Asked by Anonymous
Asked on 25 Jun 2019
I have recently graduated from uni and would be starting work soon in July. Just wondering if there’s a best yet feasible way to reduce interests incurred... how would you make the repayment? Or if anyone had a similar experience and can help provide some advice?
I think most would have went thru this route. I don't know if there is minimum payment on the both, or if its treated as one combined loan. If they are both from cpf, then the interest would be pretty much locked @ 2.5% which ain't too bad (excluding mortgages, lines of credit / credit cards / consolidated loans charge 4+ to over 26% interest).

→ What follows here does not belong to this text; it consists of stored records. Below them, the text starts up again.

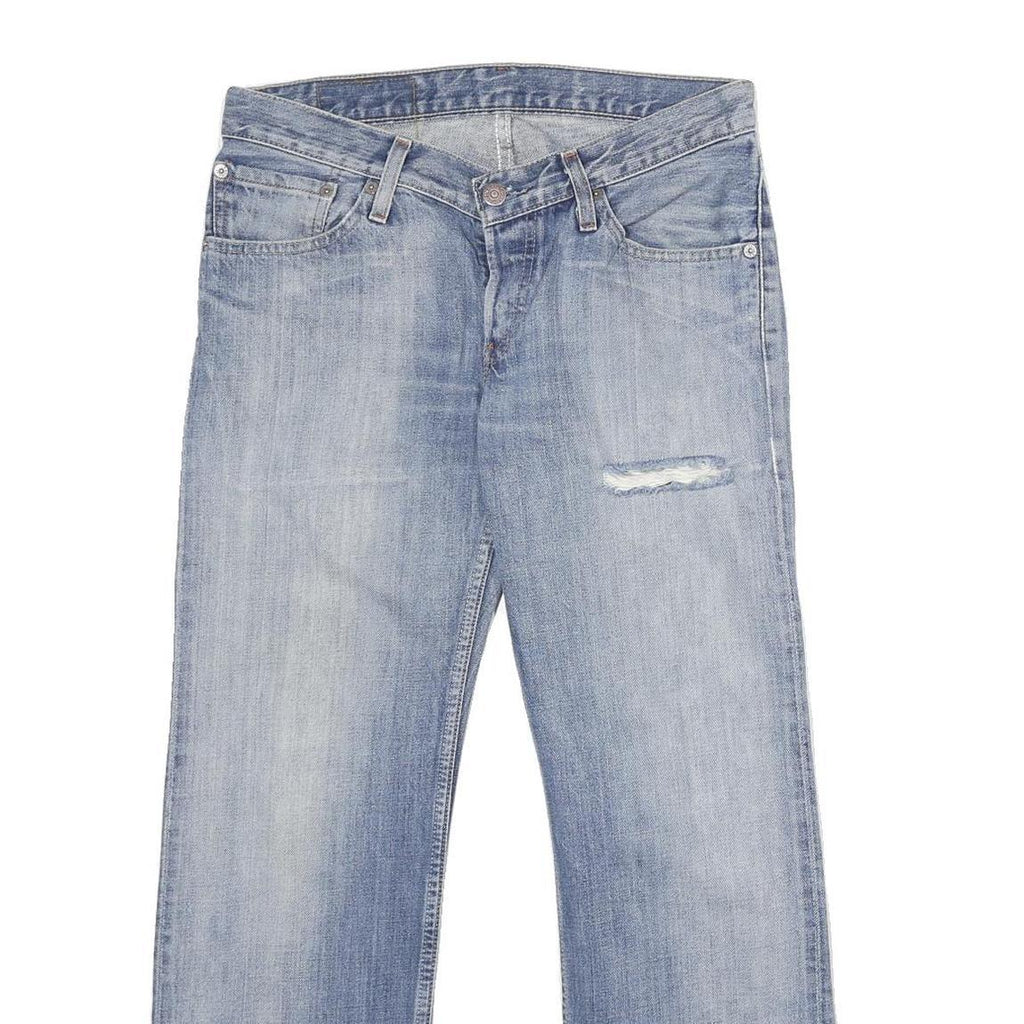 LEVI'S 518 04 Mens Jeans Blue Relaxed Straight Denim Light W30 L29 Distressed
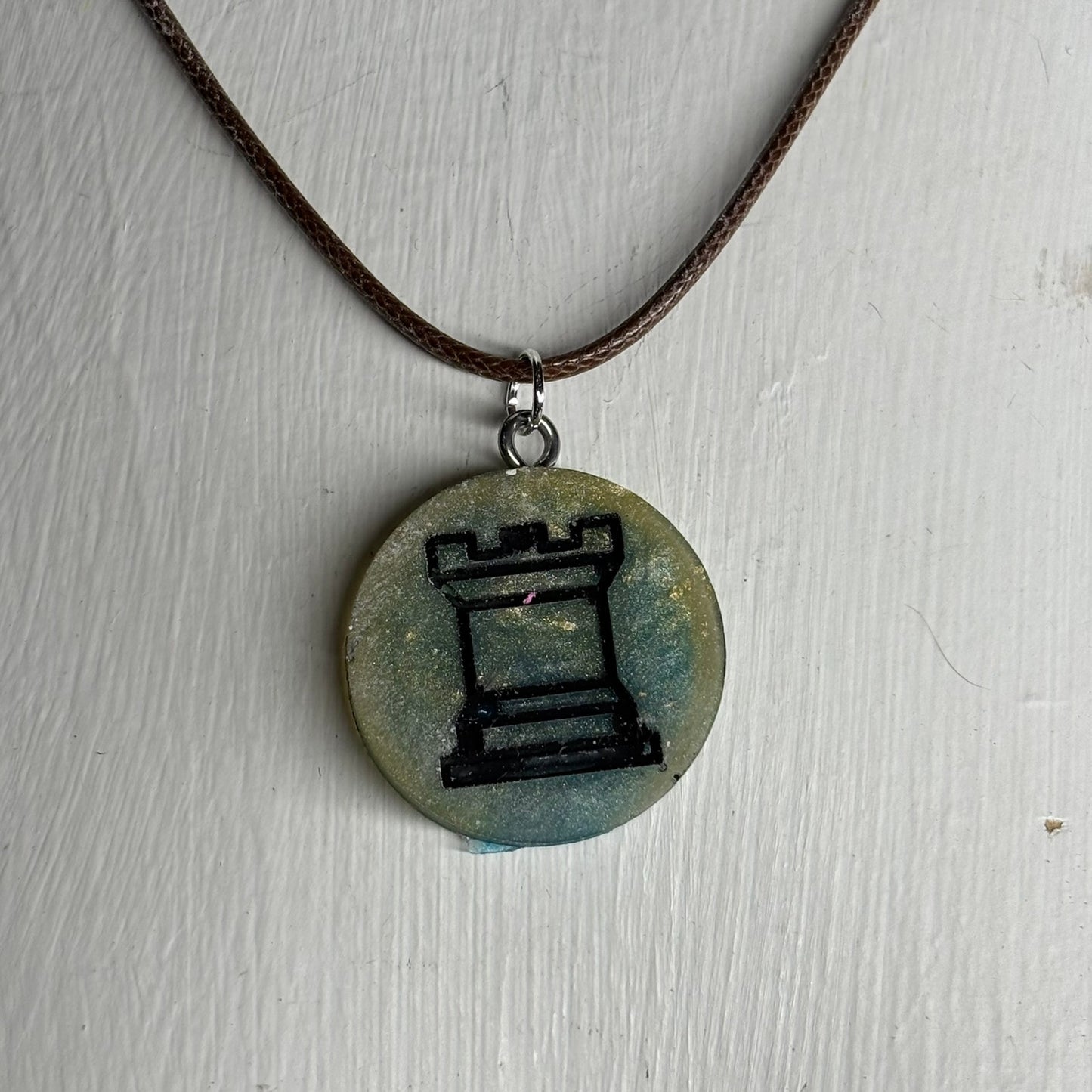 Green Blue Rook - Handmade Resin Chess Necklace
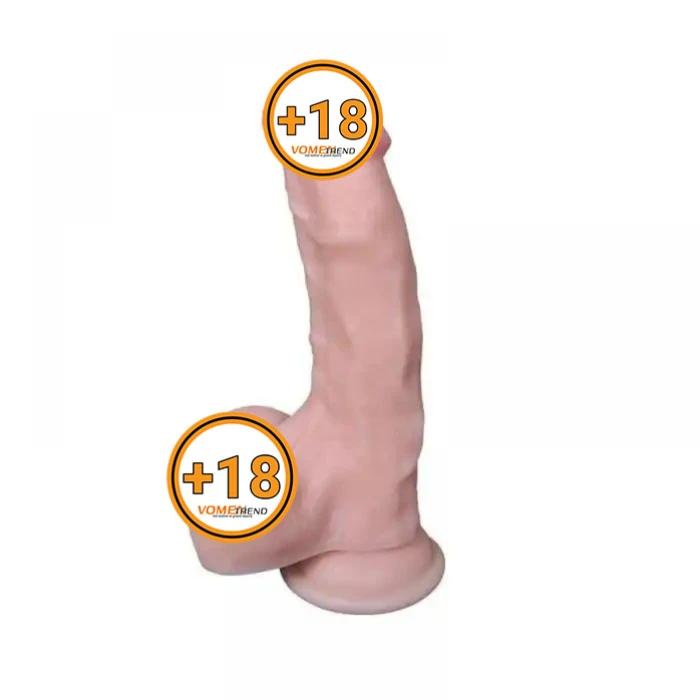 #U6014 - 18 cm Realistik Vantuzlu Testisli Dildo Penis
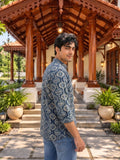 Navy Elegance – Printed Cotton Short Kurta - Jaipuri Crown
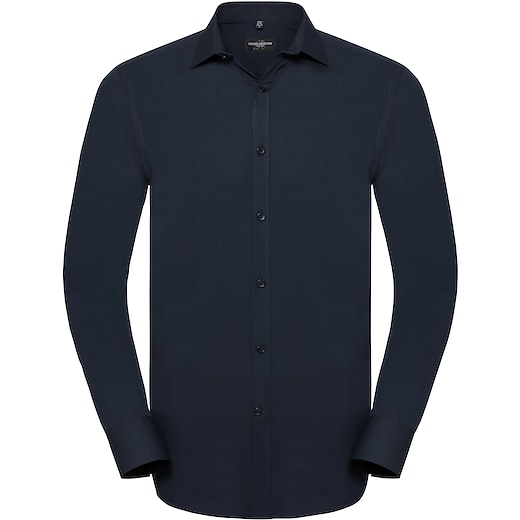blå Russell Men´s Long Sleeve Fitted Stretch Shirt 960M - bright navy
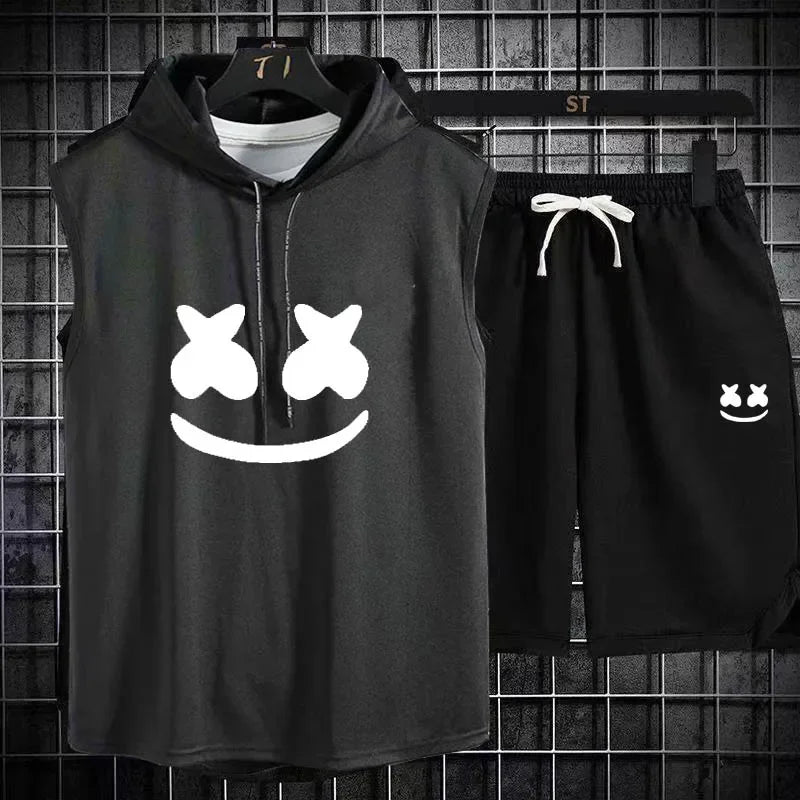 Brand Summer Men's Two Piece Set CasualT-Shirt and Shorts Set Mens Sports Suit Fashion Short Sleeve Tracksuit Hooded T-shirt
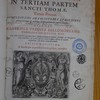 Commentariorum, ac Disputationum in tertiam partem ... Sancti Thomae...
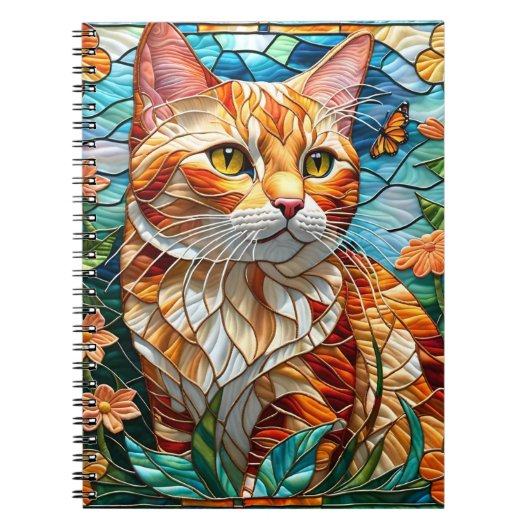 Tabby  art stained glass cat colorful modern style notizblock (Vorderseite)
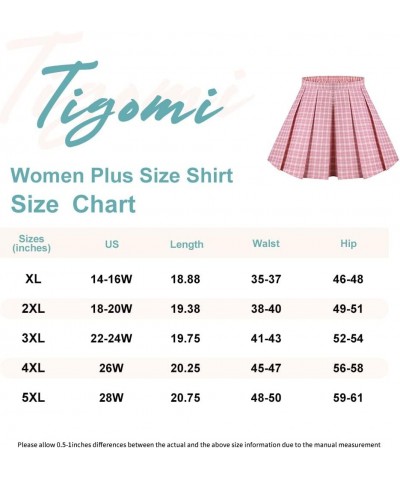 Women Plus Size Skirts Stretchy Buttons Hidden Zipper Mini Skirt Swing A Line Skater Skirt Black XL-5XL 9_ F079_ Plaid Pleate...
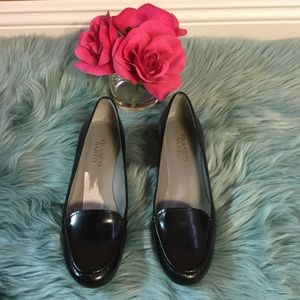 💎Franco Sarto patent leather kitten heel loafers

This is a good ground for you to learn how to manage debt. I would suggest you do a budget for your expected first pay (less 20% cpf). Maybe set aside 15 - 20% of your pay and arrange for the giro deduction. If after all expenses and giving family some money, you still have balance savings, you can adjust the monthly repayment gradually.
I think I paid off mine in 3+ years. Once you settle the loan, and have gathered discipline to manage your budgets, you can channel the money once used to pay off these loans towards investing via rsp.
Dont stress out over 2.5% interest. Credit card interest is the one to fear the most. I have seen quite a few people buried by credit card debt and become bankrupt.